A simple Python web scraper that extracts important information from a webpage and converts it to a PDF file.
- Takes a URL from the user
- Scrapes the webpage for title, paragraphs, and images
- Saves the data to a text file
- Converts the data to a PDF file
- Implements error handling with try-except-else blocks
- Includes file handling operations
- Creates unique PDF files with timestamps
- Handles long titles in PDFs by adjusting font size or breaking into multiple lines
- Python 3.6+
- Required packages:
- requests
- beautifulsoup4
- fpdf
- Clone this repository or download the files
- Install the required packages:
pip install requests beautifulsoup4 fpdf
Run the script:
python web_scraper.py
When prompted, enter the complete URL of the website you want to scrape (including http:// or https://).
The script will:
- Scrape the website
- Save the content to a unique text file (e.g.,
scraped_data_20240615_123045.txt) - Generate a unique PDF file (e.g.,
scraped_data_20240615_123045.pdf)
Each time you run the script, it will create new files rather than overwriting existing ones.

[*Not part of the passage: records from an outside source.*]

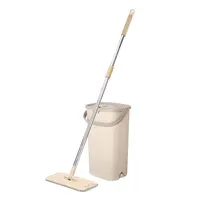 

Houseware Floor Cleaning Flat Mop and Bucket Easy Mop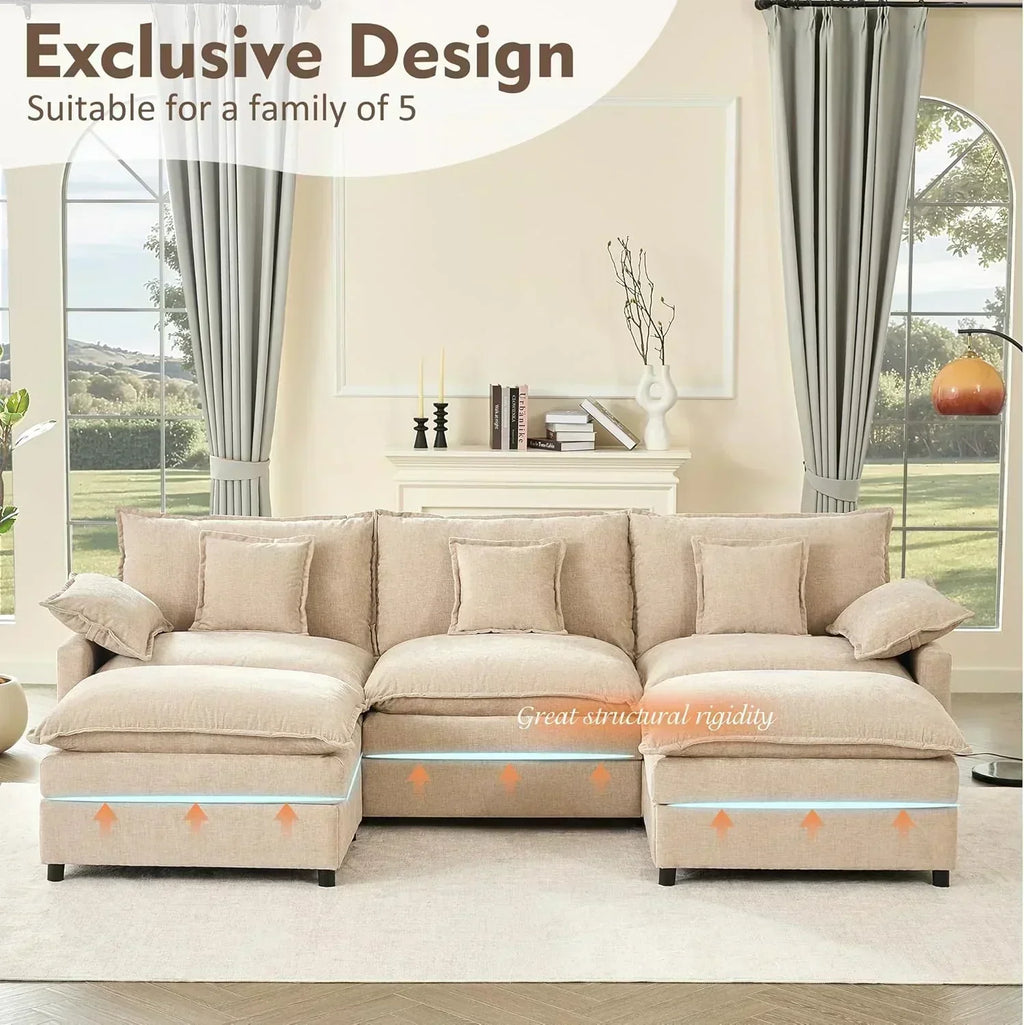 108 U-shaped sofa modular sofa Comfortable cloud sofa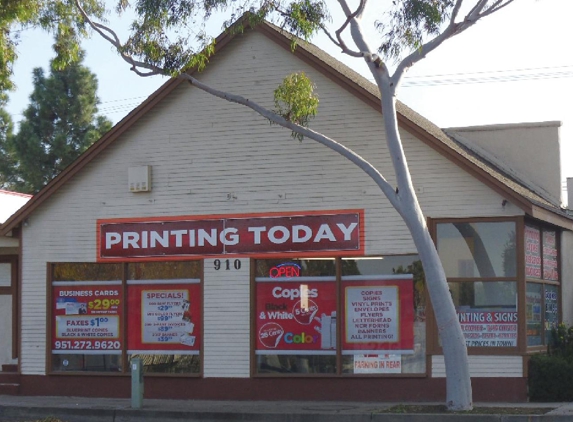 Printing Today - Corona, CA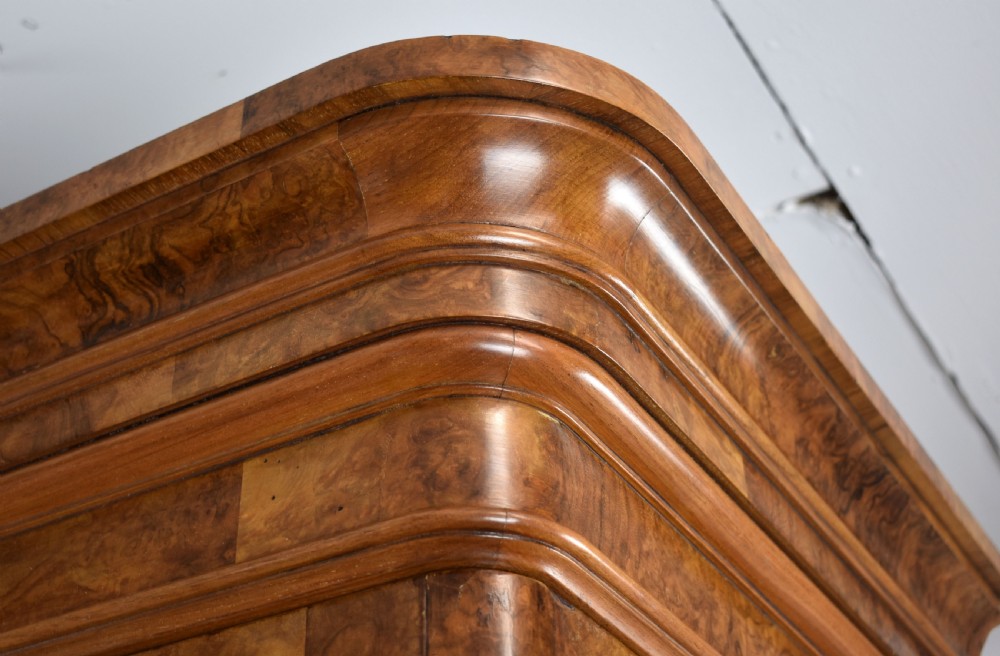 Maple & Co Victorian Burr Walnut Wardrobe View V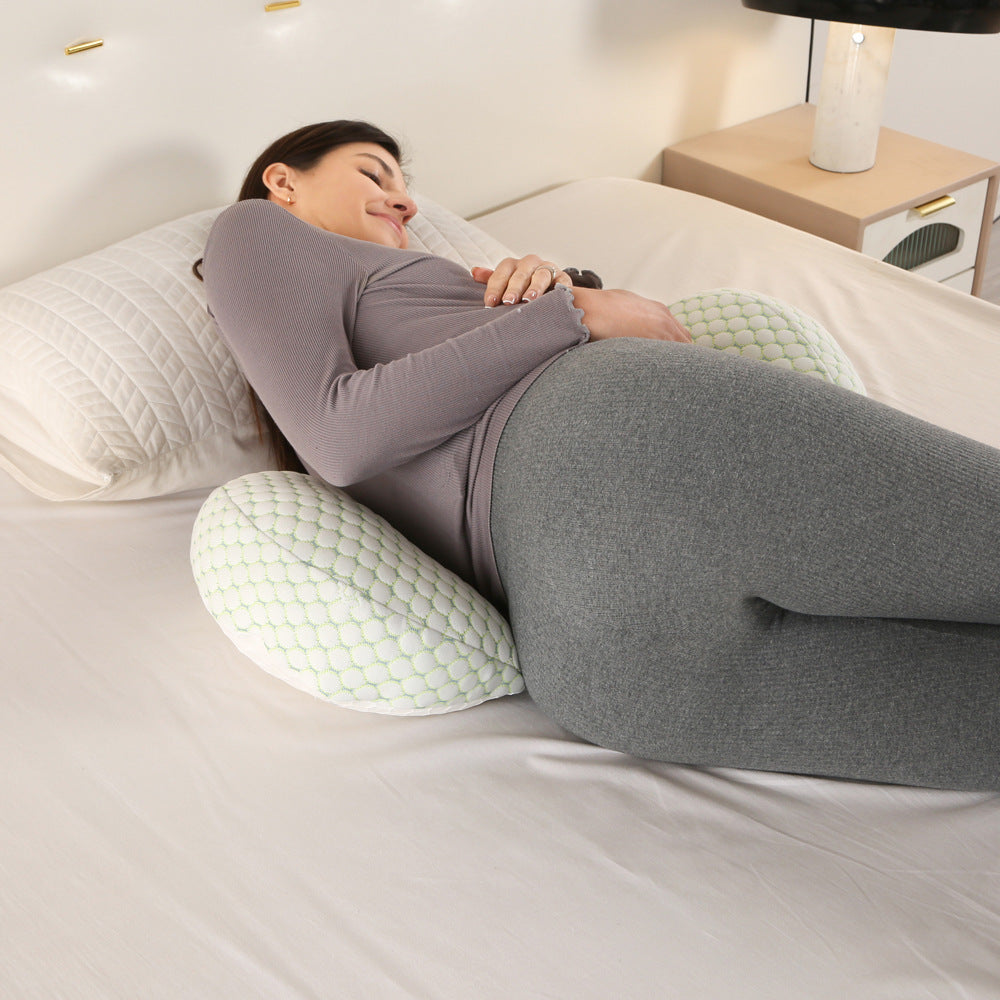 Maternity Pregnancy Pillow - Multi-Functional Support Cushion for Side Sleeping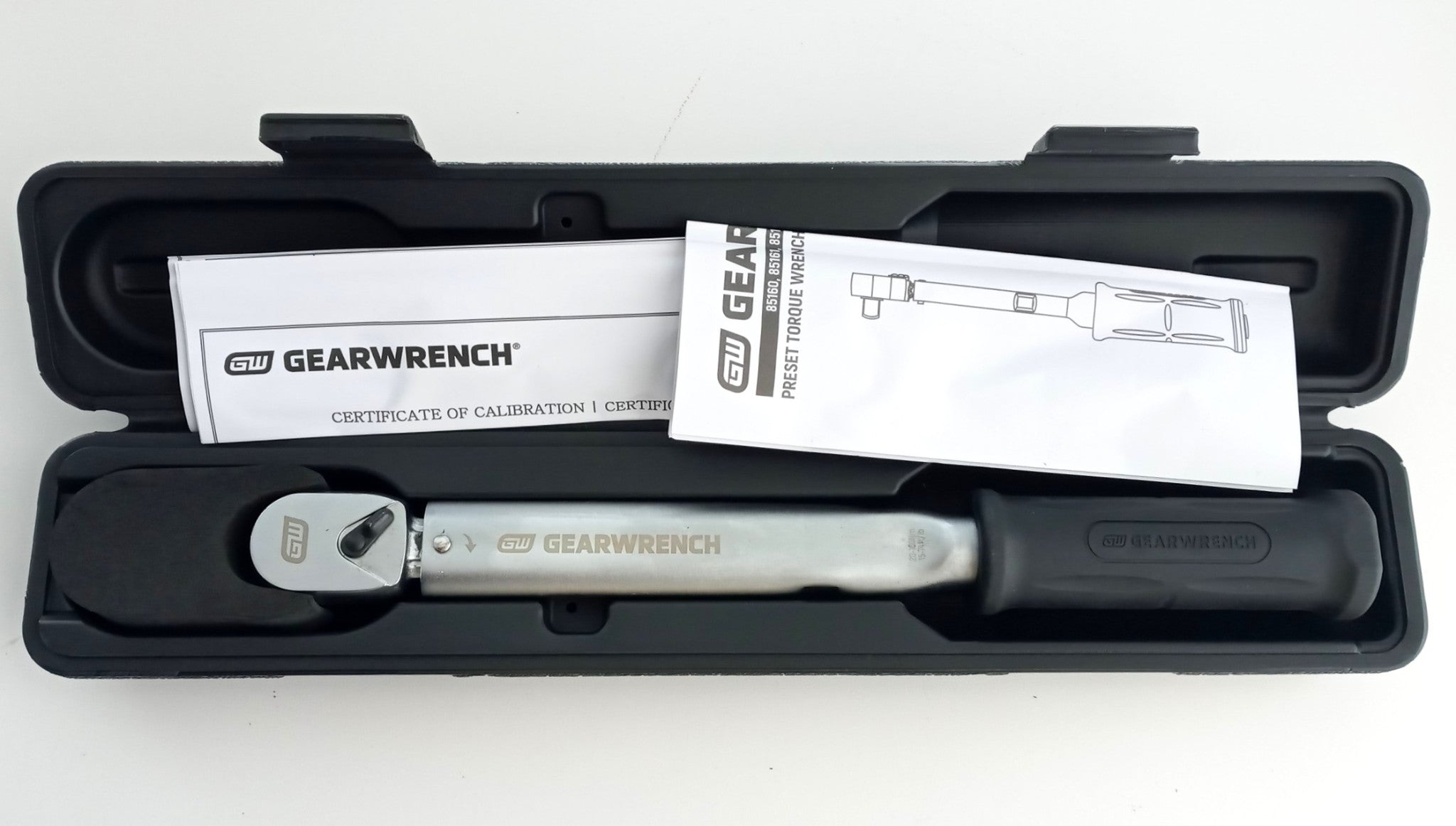 GearWrench 85163 Fixed Head 1/2" Drive Preset Torque Wrench 20-100Nm 15-74 Ft-lb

The script includes comprehensive error handling for:
- Network connection issues
- Invalid URLs
- File I/O operations
- PDF generation
The PDF generation has been improved to:
- Prevent titles from extending beyond the page width
- Adjust the font size for very long titles
- Break exceptionally long titles into multiple lines
This is a simple web scraper for educational purposes. Some websites may have measures to prevent scraping or might have complex structures that this basic scraper cannot handle effectively.